• **WHAT THE EXERCISE ASKS**
Begin with the line that holds "A bathroom with a toilet, sink, and bathtub." and retype through the last line of the listing below, exactly; pictures are not part of the copy.

• **INPUT**
------------------------------------------------

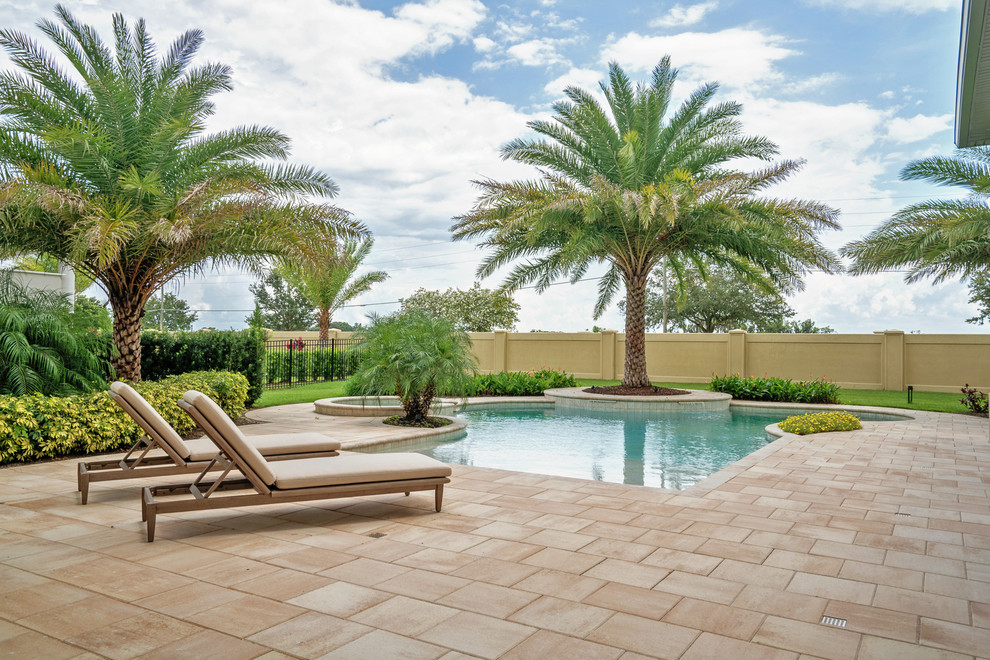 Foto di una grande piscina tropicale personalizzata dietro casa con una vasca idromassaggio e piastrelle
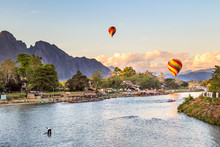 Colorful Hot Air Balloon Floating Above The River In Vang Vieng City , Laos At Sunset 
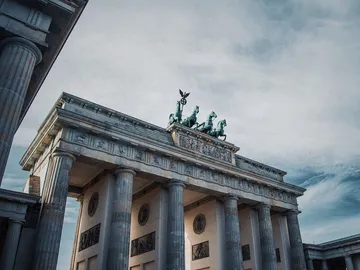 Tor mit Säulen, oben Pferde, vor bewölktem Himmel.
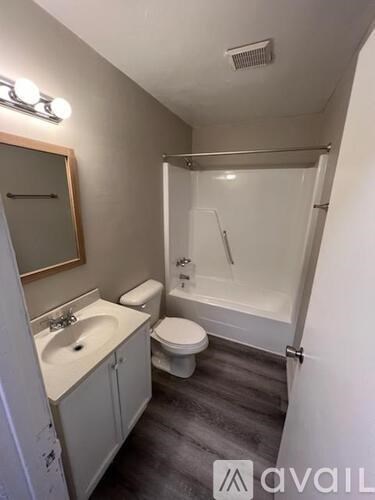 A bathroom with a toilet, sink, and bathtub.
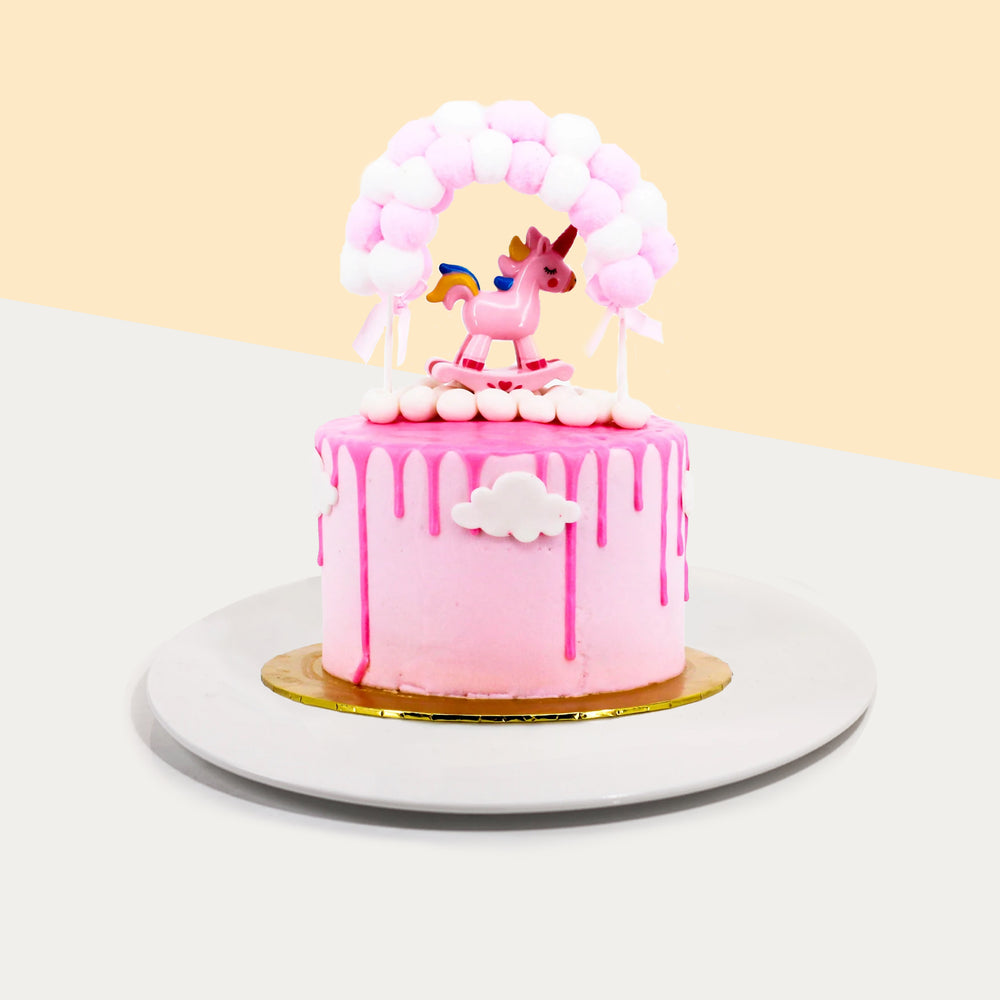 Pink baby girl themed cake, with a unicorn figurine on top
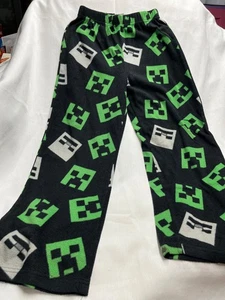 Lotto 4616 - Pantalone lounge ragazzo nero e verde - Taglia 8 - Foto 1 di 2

------------------------------------------------

• **OUTPUT FOR THIS EXERCISE**
 A bathroom with a toilet, sink, and bathtub.
 Pink baby girl themed cake, with a unicorn figurine on top
 Lotto 4616 - Pantalone lounge ragazzo nero e verde - Taglia 8 - Foto 1 di 2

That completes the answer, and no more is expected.